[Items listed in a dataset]
● ● ● ●
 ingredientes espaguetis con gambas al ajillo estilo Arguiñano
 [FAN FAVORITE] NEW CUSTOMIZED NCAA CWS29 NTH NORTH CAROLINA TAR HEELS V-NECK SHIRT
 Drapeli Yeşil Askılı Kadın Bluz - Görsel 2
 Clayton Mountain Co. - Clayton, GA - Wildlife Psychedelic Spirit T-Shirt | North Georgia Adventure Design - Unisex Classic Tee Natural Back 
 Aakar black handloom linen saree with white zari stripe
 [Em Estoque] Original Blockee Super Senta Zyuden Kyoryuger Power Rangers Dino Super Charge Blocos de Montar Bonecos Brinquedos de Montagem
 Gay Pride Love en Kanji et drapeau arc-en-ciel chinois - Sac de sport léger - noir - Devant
● ● ● ●
TASK REQUIREMENTS
Please reproduce exactly the lines from the first one of the records above through the line containing "Aakar black handloom", both included, and nothing else.

WRITTEN ANSWER
 ingredientes espaguetis con gambas al ajillo estilo Arguiñano
 [FAN FAVORITE] NEW CUSTOMIZED NCAA CWS29 NTH NORTH CAROLINA TAR HEELS V-NECK SHIRT
 Drapeli Yeşil Askılı Kadın Bluz - Görsel 2
 Clayton Mountain Co. - Clayton, GA - Wildlife Psychedelic Spirit T-Shirt | North Georgia Adventure Design - Unisex Classic Tee Natural Back 
 Aakar black handloom linen saree with white zari stripe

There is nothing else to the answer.